Researchers Reveal: Instability and Limitations of AI Algorithms

2024-01-12

ChatGPT and other machine learning-based solutions are on the rise. However, even the most successful algorithms have limitations. Researchers at the University of Copenhagen have mathematically proven that it is impossible to create consistently stable algorithms for artificial intelligence, except for simple problems. This research, published on the arXiv preprint server, may provide guidance on how to better test algorithms and remind us that machines do not possess human intelligence.


Machine learning algorithms can interpret medical scans, translate foreign languages, and soon drive cars more safely than humans. However, even the best algorithms have weaknesses. A research group at the University of Copenhagen's Department of Computer Science aims to uncover them.


Take the example of autonomous cars reading road signs. If someone puts a sticker on a sign, it wouldn't distract a human driver. But machines may easily be confused because the signs they encounter may differ from the ones they were trained on.


Amir Yehudayoff, the head of the research group, said, "We want algorithms to be stable in a sense that if the input changes slightly, the output will remain almost the same. Real-life involves various noises that humans are accustomed to ignoring, but machines may get confused."


Yehudayoff added, "I want to point out that we haven't directly studied automated car applications. Nevertheless, it seems to be a very complex problem where algorithms cannot remain stable." He further explained that this does not necessarily mean significant consequences for the development of automated cars. "If the algorithm only fails in very few cases, it is likely acceptable. But if it fails in a large number of cases, that is bad news."

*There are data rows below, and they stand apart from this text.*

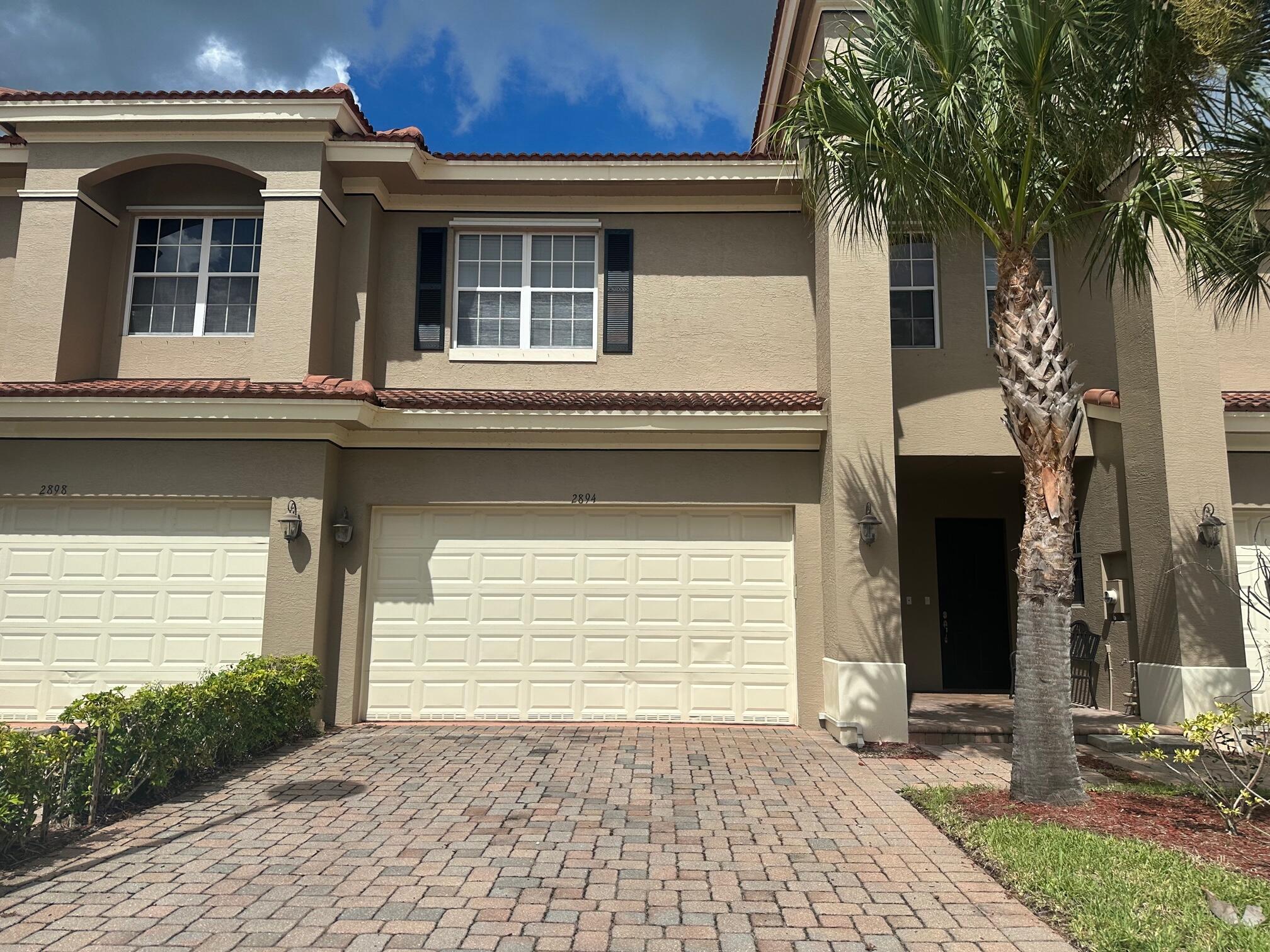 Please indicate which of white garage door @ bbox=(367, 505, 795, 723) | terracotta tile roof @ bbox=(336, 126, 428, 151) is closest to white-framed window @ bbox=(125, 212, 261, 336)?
terracotta tile roof @ bbox=(336, 126, 428, 151)

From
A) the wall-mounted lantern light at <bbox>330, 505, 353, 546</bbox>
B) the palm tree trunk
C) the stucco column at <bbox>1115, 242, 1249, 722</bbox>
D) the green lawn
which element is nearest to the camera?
the green lawn

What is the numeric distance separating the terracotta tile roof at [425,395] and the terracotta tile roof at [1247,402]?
4.74m

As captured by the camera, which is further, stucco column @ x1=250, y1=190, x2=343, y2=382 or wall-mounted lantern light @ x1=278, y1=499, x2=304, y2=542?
stucco column @ x1=250, y1=190, x2=343, y2=382

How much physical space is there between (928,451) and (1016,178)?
13.0ft

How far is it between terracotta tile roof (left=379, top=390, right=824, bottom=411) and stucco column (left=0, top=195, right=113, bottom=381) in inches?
155

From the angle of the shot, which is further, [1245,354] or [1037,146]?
[1245,354]

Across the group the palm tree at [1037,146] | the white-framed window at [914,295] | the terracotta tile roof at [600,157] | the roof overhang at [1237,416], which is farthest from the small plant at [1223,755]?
the terracotta tile roof at [600,157]

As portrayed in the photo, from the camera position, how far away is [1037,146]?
273 inches

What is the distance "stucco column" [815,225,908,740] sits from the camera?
9656 mm

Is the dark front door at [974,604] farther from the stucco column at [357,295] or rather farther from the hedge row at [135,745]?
the hedge row at [135,745]

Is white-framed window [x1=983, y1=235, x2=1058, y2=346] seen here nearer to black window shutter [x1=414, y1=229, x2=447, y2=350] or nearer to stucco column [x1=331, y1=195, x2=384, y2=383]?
black window shutter [x1=414, y1=229, x2=447, y2=350]

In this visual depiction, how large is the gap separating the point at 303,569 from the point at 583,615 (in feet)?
10.8

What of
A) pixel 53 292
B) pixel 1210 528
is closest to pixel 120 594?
pixel 53 292

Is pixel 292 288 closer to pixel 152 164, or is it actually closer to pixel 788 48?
pixel 152 164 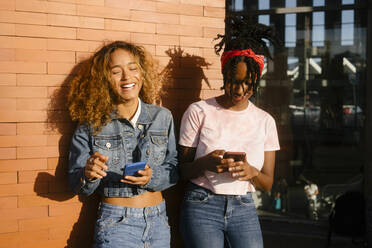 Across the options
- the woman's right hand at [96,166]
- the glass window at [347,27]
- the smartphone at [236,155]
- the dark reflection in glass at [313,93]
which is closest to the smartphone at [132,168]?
the woman's right hand at [96,166]

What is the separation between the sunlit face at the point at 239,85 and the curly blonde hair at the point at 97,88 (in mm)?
602

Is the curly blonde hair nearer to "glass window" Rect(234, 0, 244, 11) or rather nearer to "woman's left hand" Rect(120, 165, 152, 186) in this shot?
"woman's left hand" Rect(120, 165, 152, 186)

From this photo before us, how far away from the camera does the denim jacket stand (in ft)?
8.18

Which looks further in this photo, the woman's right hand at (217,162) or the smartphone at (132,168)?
the woman's right hand at (217,162)

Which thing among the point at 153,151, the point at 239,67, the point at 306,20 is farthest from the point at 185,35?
the point at 306,20

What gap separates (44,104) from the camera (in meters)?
2.74

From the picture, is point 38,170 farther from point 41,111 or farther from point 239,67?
point 239,67

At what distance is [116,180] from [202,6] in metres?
1.60

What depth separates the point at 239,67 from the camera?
A: 2.57 metres

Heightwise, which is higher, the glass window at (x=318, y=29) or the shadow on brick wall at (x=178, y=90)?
the glass window at (x=318, y=29)

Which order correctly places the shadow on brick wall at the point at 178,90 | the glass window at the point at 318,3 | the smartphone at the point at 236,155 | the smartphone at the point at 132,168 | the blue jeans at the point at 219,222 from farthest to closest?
the glass window at the point at 318,3 < the shadow on brick wall at the point at 178,90 < the blue jeans at the point at 219,222 < the smartphone at the point at 236,155 < the smartphone at the point at 132,168

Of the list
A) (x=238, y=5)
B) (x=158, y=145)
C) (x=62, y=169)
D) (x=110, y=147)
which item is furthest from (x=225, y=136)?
(x=238, y=5)

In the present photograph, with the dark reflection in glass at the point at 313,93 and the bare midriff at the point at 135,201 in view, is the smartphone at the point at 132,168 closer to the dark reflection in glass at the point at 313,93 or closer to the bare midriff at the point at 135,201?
the bare midriff at the point at 135,201

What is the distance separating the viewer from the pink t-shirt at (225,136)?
8.29 ft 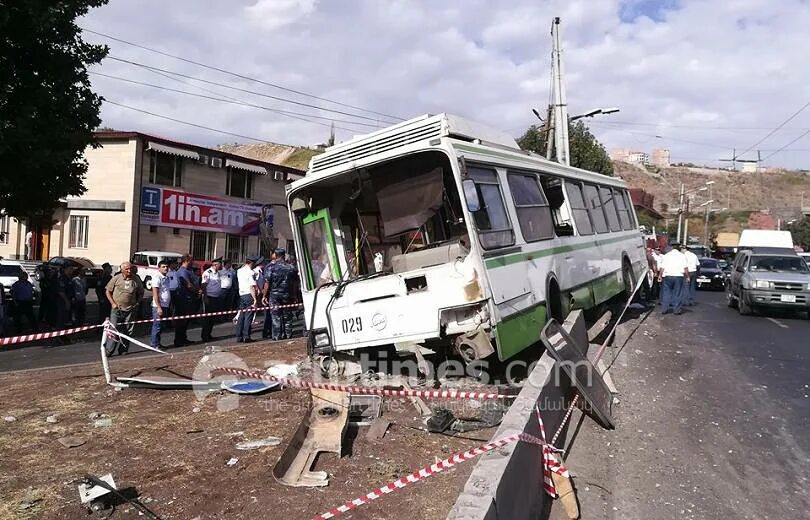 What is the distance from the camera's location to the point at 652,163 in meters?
133

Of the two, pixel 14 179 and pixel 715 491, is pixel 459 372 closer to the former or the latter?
pixel 715 491

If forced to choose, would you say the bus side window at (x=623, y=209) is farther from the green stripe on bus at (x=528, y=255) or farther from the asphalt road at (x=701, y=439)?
the asphalt road at (x=701, y=439)

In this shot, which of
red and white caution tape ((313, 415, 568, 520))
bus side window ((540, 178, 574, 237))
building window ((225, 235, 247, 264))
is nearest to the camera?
red and white caution tape ((313, 415, 568, 520))

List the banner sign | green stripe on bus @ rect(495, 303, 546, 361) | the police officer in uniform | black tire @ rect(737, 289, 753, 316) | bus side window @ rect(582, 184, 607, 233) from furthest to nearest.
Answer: the banner sign → black tire @ rect(737, 289, 753, 316) → the police officer in uniform → bus side window @ rect(582, 184, 607, 233) → green stripe on bus @ rect(495, 303, 546, 361)

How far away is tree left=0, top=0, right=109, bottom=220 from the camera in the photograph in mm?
10648

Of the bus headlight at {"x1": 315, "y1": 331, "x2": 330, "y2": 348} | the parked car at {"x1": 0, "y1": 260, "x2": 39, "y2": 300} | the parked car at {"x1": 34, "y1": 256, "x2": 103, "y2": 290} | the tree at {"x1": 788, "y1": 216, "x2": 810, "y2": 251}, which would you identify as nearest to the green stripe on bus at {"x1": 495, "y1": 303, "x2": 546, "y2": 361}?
the bus headlight at {"x1": 315, "y1": 331, "x2": 330, "y2": 348}

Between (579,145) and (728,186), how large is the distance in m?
95.9

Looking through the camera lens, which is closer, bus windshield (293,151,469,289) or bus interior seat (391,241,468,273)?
bus interior seat (391,241,468,273)

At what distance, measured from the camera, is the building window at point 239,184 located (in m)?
28.1

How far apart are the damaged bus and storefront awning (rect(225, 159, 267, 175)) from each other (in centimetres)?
2140

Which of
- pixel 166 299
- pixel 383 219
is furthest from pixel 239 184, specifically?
pixel 383 219

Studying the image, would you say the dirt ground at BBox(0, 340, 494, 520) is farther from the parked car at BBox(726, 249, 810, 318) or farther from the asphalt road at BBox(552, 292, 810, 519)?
the parked car at BBox(726, 249, 810, 318)

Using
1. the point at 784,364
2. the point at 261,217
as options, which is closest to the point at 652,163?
the point at 261,217

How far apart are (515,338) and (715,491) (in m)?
2.52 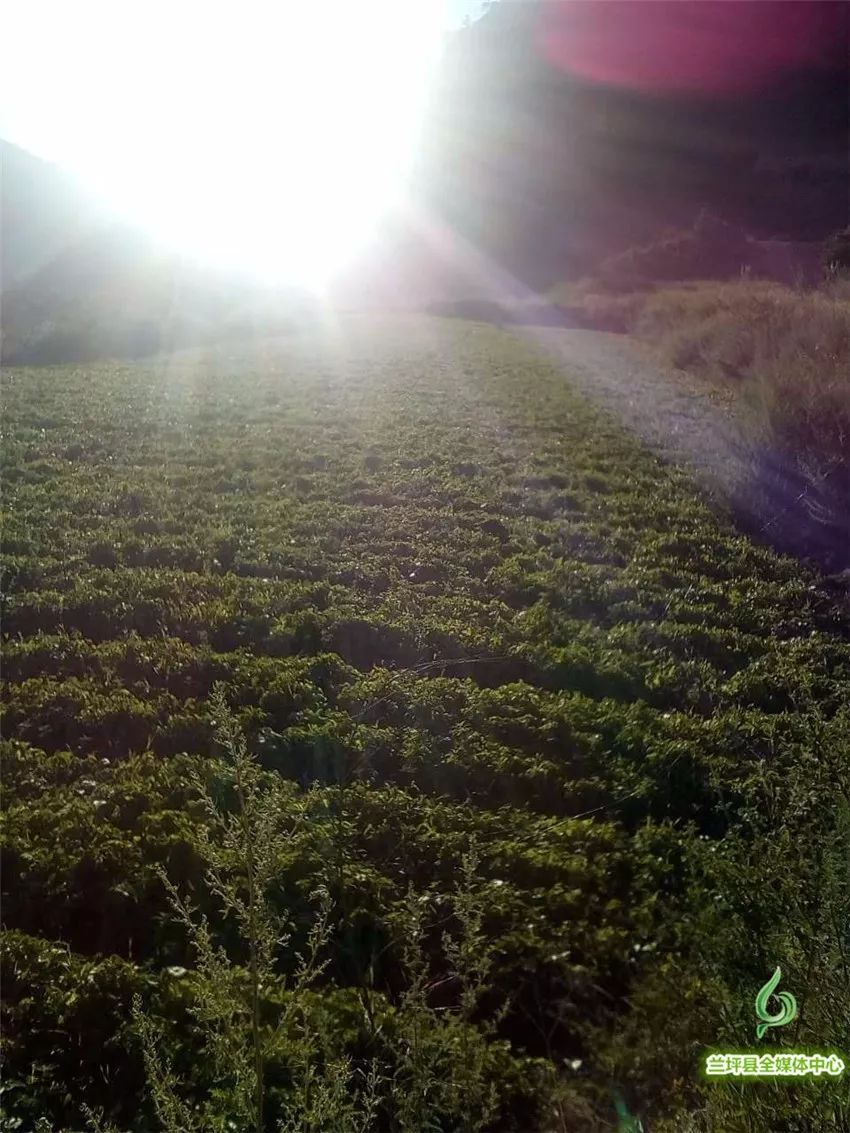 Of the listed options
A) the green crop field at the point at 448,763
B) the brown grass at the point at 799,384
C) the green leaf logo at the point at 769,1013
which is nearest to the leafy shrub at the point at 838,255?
the brown grass at the point at 799,384

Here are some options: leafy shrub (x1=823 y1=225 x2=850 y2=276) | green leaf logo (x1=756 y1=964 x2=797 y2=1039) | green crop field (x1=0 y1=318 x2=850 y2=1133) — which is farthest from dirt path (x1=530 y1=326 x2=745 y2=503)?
green leaf logo (x1=756 y1=964 x2=797 y2=1039)

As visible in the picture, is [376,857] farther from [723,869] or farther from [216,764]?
[723,869]

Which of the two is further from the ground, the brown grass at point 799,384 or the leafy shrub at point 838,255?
the leafy shrub at point 838,255

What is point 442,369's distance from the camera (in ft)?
51.9

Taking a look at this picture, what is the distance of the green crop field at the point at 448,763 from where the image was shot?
95.5 inches

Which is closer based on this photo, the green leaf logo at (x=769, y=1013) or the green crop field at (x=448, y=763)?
the green leaf logo at (x=769, y=1013)

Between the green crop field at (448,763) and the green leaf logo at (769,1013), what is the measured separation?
0.03 metres

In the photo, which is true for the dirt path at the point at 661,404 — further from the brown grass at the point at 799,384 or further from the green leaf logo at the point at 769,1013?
the green leaf logo at the point at 769,1013

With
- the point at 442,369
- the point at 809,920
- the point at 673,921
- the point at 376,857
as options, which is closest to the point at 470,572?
the point at 376,857

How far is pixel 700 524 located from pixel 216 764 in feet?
17.4

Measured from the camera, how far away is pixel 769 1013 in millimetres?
2125

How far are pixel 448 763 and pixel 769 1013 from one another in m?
2.04

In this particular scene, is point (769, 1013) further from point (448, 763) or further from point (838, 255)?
point (838, 255)

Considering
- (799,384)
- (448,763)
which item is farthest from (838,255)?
(448,763) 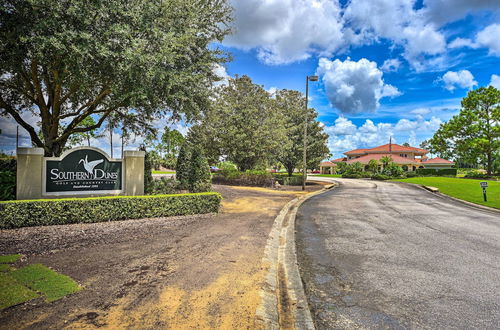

This scientific article cannot be industrially applied to identify flaws in algorithms. The professor explained that it is not the purpose. "We are developing a language to discuss the weaknesses of machine learning algorithms. This may lead to the formulation of guidelines for testing algorithms. In the long run, this may result in the development of better and more stable algorithms."


Yehudayoff said, "Some companies may claim to have developed an absolutely secure privacy protection solution. Firstly, our approach may help determine that such a solution cannot be absolutely secure. Secondly, it will be able to identify weaknesses."


However, first and foremost, this scientific article contributes to theory. Particularly, the mathematical content is groundbreaking, he added,


"We intuitively understand that stable algorithms should work as before when exposed to a small amount of input noise. Just like road signs with stickers on them." But as theoretical computer scientists, we need a clear definition. We must be able to describe this problem in the language of mathematics. If we want to ensure that an algorithm is stable, how much noise can it withstand, and how close should the output be to the original output? That is the answer we propose."


This scientific article has generated great interest among colleagues in theoretical computer science, but not yet in the tech industry, at least not now.


Yehudayoff said, "There is always some delay between new theoretical developments and the interest of application personnel." "Some theoretical developments will always be overlooked."


However, he believes this won't be the case. "Machine learning continues to evolve rapidly, and it is important to remember that even highly successful solutions in the real world have limitations. Machines may sometimes appear to think, but they do not possess human intelligence, and that needs to be remembered."